1 child calling home crying because he forgot his lunchbox and refuses to eat lunch at school + 1 trip to the oral surgeon for Vu's pre-op (needs 2 teeth pulled) where it was discovered they do not have a prize box after Mommy assured Said Child they would have a prize box just like any normal dentist who treats kids would (and SHOULD!) + 1 trip to McDonald's to make up for no prize + 1 crying child once he realized half way home that even tho he said chicken nuggets he MEANT hamburger + 1 trip to specialty children's store to buy specialty puzzle Mother had intended to buy for Said Child's birthday and in which store Said Child knocked over the display of the game "Blokus" which in case you have never noticed has 14 million pieces + 1 dog eating 1 piece of Said puzzle before the puzzle had even been put together 1 time (yes, really!) + 1 child needing homework help but Said Mother not being able to figure it out either (No, I am not smarter than a 5th grader) + 2 high school children in the midst of finals, 1 of which is totally stressed and the other not the least bit stressed and still has his textbooks out in his car which leaves Said Mother to do all his stressing for him + 1 Said Mother needing to do an 8 page paper for her college class + 1 one husband out of town =


Get out 7 glasses
Fill 6 with 2 scoops of ice cream
Fill with rootbeer, give to children, let them watch a movie even though it is a school night

Fill 7th with 4 scoops of ice cream
Add 1 bottle Mike's Hard Cranberry

Good. Very, very good.

Saturday, January 19, 2008

Vu Part 3--Listening To God

This is one of those posts where it's really hard to find the right words. Being matched with Vu was one of the most emotional times of my life. Emotional in many ways, but mostly because I knew in my heart he was meant to be ours, I truly felt God leading us to him, BUT it didn't look like he would become our son.

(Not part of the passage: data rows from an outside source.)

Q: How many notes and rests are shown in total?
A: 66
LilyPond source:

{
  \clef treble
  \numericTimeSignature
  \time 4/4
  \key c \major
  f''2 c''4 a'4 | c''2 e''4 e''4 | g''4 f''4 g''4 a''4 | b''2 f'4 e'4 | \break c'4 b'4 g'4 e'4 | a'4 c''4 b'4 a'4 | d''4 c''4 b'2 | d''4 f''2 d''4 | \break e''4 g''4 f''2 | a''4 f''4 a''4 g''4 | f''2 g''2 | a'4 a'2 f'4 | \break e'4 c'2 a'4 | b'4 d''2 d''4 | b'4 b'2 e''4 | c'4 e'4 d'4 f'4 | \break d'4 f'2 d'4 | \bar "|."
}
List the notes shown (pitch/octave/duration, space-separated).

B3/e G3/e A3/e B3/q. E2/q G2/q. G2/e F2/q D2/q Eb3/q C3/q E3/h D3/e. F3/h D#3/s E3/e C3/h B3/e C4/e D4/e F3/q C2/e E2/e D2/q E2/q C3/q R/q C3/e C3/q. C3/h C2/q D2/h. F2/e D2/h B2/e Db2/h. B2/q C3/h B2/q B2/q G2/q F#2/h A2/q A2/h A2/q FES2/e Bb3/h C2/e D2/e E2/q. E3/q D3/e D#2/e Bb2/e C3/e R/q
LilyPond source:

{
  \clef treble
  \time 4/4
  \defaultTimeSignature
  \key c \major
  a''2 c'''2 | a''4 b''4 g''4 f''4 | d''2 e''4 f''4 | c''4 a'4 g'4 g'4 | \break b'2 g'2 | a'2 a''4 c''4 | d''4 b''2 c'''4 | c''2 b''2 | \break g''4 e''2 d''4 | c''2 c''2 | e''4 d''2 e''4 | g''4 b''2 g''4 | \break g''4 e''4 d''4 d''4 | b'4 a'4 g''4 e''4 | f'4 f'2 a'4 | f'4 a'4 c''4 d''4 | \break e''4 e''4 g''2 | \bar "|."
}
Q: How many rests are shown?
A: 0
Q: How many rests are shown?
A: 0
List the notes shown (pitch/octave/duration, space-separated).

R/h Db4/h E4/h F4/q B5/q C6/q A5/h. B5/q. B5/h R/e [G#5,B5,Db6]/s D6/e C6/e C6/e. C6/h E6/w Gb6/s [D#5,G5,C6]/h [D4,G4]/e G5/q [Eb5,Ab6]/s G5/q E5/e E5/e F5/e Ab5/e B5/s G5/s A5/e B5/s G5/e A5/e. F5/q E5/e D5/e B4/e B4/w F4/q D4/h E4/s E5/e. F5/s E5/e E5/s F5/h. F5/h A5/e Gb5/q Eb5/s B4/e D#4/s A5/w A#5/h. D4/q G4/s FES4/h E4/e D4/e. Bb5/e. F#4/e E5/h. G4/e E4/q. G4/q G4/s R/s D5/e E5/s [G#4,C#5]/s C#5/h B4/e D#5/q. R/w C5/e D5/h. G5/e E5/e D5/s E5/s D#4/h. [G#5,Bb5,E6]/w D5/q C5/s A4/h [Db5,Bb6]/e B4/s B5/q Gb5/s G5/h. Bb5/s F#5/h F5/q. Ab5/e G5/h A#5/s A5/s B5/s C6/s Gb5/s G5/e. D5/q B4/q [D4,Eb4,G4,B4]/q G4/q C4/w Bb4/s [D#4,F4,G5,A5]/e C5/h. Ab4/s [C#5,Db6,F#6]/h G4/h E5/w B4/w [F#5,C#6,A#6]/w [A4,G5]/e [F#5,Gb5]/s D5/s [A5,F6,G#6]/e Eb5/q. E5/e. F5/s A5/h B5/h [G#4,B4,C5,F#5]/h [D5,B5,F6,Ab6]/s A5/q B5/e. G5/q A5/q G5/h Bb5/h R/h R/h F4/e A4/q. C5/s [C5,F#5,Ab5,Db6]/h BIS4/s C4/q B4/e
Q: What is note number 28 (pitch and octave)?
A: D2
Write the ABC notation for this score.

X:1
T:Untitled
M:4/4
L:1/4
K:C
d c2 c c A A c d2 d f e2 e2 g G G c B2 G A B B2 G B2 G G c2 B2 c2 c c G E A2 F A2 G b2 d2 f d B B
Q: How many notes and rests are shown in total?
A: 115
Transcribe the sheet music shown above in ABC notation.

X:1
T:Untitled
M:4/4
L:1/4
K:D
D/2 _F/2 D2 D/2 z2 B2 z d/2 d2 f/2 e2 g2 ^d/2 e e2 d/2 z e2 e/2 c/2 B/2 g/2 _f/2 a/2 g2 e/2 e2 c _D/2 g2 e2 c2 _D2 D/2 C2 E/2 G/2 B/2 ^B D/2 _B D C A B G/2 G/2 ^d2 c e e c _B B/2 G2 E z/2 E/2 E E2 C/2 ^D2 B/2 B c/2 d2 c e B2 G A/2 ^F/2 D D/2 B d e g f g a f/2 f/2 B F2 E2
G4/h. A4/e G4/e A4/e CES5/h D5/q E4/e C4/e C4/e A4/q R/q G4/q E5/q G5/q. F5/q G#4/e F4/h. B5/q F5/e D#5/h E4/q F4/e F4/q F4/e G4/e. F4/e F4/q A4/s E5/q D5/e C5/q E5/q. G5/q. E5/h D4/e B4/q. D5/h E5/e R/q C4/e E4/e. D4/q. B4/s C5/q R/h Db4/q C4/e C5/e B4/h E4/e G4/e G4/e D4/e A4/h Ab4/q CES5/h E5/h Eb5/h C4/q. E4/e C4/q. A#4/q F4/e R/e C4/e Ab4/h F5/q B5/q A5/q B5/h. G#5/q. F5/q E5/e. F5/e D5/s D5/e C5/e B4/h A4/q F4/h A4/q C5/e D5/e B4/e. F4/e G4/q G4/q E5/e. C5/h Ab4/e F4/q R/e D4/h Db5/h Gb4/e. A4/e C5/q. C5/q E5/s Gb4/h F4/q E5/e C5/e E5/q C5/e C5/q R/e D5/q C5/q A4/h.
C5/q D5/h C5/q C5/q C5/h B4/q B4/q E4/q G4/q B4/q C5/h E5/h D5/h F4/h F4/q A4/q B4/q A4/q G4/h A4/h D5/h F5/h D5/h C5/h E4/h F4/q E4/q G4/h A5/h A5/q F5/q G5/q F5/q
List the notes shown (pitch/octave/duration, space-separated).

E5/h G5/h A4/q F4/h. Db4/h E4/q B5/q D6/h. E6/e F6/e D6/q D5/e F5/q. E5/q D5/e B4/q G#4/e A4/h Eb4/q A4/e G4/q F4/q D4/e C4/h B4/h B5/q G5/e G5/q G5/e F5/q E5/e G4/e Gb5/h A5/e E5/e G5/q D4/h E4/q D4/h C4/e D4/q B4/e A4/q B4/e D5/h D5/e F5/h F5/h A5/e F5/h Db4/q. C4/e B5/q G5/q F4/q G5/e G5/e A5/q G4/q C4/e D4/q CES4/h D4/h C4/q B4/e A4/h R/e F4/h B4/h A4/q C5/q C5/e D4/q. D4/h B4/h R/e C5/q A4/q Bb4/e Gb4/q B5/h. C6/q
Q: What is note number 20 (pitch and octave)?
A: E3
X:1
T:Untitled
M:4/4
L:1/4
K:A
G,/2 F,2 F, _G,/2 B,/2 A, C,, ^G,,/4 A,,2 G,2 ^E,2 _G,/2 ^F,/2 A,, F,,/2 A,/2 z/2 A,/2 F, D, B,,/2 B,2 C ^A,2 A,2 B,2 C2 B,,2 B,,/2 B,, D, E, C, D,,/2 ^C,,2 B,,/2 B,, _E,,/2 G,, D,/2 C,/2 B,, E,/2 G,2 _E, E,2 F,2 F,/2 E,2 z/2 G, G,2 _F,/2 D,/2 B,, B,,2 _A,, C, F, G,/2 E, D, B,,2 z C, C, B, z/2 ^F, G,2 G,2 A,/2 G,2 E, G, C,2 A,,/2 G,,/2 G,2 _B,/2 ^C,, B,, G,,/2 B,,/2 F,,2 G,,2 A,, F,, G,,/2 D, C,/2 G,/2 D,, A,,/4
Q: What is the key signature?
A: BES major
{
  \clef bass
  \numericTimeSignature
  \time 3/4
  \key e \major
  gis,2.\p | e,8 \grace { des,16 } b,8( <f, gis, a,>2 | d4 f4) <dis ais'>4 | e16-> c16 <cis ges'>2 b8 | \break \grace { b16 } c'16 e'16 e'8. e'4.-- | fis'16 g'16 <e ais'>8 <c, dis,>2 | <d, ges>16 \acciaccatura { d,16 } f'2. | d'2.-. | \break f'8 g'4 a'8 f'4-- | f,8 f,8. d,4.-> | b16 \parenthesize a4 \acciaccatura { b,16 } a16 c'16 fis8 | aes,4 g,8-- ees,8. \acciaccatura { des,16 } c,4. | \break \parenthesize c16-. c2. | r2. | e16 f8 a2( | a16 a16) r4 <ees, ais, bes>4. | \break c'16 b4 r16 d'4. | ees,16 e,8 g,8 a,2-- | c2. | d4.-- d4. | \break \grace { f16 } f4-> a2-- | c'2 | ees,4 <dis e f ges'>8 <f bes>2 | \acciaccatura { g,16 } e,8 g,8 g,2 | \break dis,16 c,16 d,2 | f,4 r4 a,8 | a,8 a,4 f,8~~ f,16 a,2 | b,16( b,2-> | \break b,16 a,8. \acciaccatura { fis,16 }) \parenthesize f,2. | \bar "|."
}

As I write these words, all those thoughts and feelings come rushing back. Feelings of longing, confusion over God's Plan, my preoccupation with his little face every waking and sleeping moment.

I don't want to repeat everything I shared during my April/May '07 posts. You can go back and read if you missed. BUT, there's a lot that was left out.

I will never, ever forget the first day I laid eyes on my son; April 6, 2007. Good Friday. Sitting at the computer, I clicked open Holt's Waiting Child page just as I had so many times during our wait. And . . . there he was! A solemn face holding a stuffed Poke'mon character. I get chills as I write this, but somehow, I just knew he was my son. Eric also felt drawn to him and said to request his file.

The weekend felt long as we waited for Monday when I called first thing. I remember seeing that FED EX envelope the next day. My sister was here visiting and I tried to be nonchalant in opening and reading. What I really wanted to do was jump up and down in excitement!

Here is where things got crazy. We discovered our agency had a general rule against "Artificial Twinning." Patrick and Vu would be just two months apart in age and in the same grade. Add to that they were both the same gender and both seemed to have the same strong, leader-type personalities. On paper, it didn't seem to be a good fit. The head of the WC Dept. told me as gently as possible that our chances of being matched were minimal. My heart ached. But I knew our agency had their rules for a good reason and I trusted their 50 years of experience.

I tried to put Vu out of my mind. I knew there was a big batch of referrals coming from Vietnam, we were near the top of the list for a match, the child God intended for us would be revealed soon.

And yet. I couldn't stop thinking about Vu. Dreaming about him, imagining him running around the house. Every chance I got when interfacing with our agency I would bring him up, ask questions, make sure they knew I still felt he was a good match for us. But nobody was as excited as me. Eric and I would talk about it but decided to wait for referrals. They were expected in days but didn't end up arriving for weeks. All during that time, I continued loving Vu, both hiding his picture on my desk so I could try to forget him, only to bring it back out so I could see that precious little face.

I remember at one point calling our social worker. I poured out my heart to her and asked her if it was truly impossible for us to adopt Vu. I remember her response so well. There was a long pause and then she said, "I'm willing to listen." I wanted to drive over and hug her! My heart soared with hope. Still, I agreed to wait for referrals.

At long last, they arrived. Our original match was a surprise to us as it was a baby! We were wanting a child at least three, closer in age to Patrick. Later, we were called about a 4yo boy.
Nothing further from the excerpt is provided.